A lot of the other stops were to do a little rock climbing and check out arches. It was funny because Jordan reminded me so much of Utah. We would stop to check out an arch and those arches are the highlights of the desert... what people come to this desert to see and I found myself not being that impressed by them. I mean... they were cool, but Utah has better ones. Ha ha. So snobby to say it like that. I still loved them, it was just less impressive since we have them too. Here are some of the sites from the Wadi Rum desert. So beautiful, I loved every minute of it.
Then we would stop in the middle of nowhere and our guide would pull out packed lunches from my camels pouch he had on and then he would gather rocks and sticks and make a fire and make us tea in the middle of the desert while we ate our packed lunches and the camels rested near by. I always gave my leftovers to my camel so that it would like me even more. Not that it didn't like me, my came was super great. I just always thanked him for letting me ride him. After lunch we would lay on the rocks and soak in the sun and take a little nap. Since it was a little on the colder side, laying in the sun felt awesome.
Then after riding our camels around the desert all day, we finally got to our Bedouin camp. We were the first ones there... so we got our stuff from the main tent and we found out which little tent we were going to be staying in and took our stuff there. I don't know what I was expecting the came to be like, but it was pretty big. They had a big main tent, where everyone hangs out and eats... then there is a bathroom/shower area, and then lots of individual tents where everyone stays. Pretty cool to stay at a place like that out in the middle of the desert. So we all ate dinner together in the main tent around the fire where they of course cooked us tea... always have to have tea. They cooked the meat in the ground like Hawaiians do with their pigs. It was so good and the meat just fell right off the bones. This was my Thanksgiving meal. I wasn't mad about it.

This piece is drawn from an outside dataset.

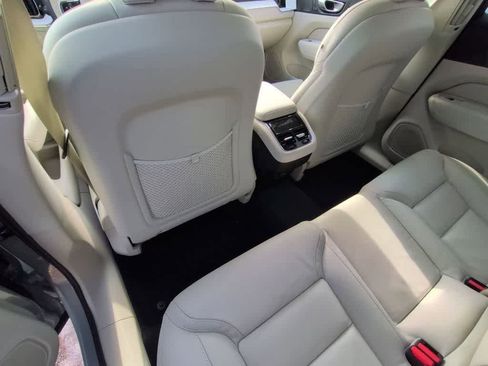 New 2026 Volvo XC60 B5 Ultra w/ Protection Package Premier image 18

What a delicious meal. Deb and I ate and sat next to a Kiwi couple (Kiwi = From New Zealand) that we really enjoyed talking to. So we chatted with them until we all decided to turn in and go to bed. Deb and I quickly found out that everyone that was there at the camp was going back home the next morning. We were the only ones out of the group staying 2 nights. We figured a new group would come the next day. Not what happened. Ha ha... turns out, Deb and I were the only ones at the camp the next day, so they cooked dinner and breakfast just for us. Entertained just us and because it was just us and we were so cold the first night, they told us we could go into any of the other tents and take as many of the blankets as we wanted to keep warm. So Deb and I had 3 or 4 blankets each that we piled on the top and bottom of us... which did keep us MUCH warmer the second night. It would have been nice to have other people to talk to the second night since the Bedouin's didn't speak a lot of English, but we also didn't mind it being just us either. We sat by the fire drinking tea and I wrote in my journal and we just relaxed and enjoyed. There was no connecting to Wifi, so it is like camping... which I really enjoy. Oh... and the stars at night.... INCREDIBLE! If it weren't so so cold, I would have sat out under the stars for a long time just staring. It rarely gets clearer and brighter than that. I wish I could have captured it.
I can't tell you how much I loved this camel trek. I would do it again in a heartbeat. Was I a little sore from riding the camels for 2 days... absolutely, but this ended up being one of my favorite parts of the trip because it was slow paced and beautiful and peaceful and didn't feel crowded and touristy. It was new and exciting but also relaxing with lots of time to reflect. It is exactly the type of experience I wanted on my Middle Eastern trip and I got it. I'm thankful it worked out and that Deb wanted to also do it and that she enjoyed it as well. What an experience.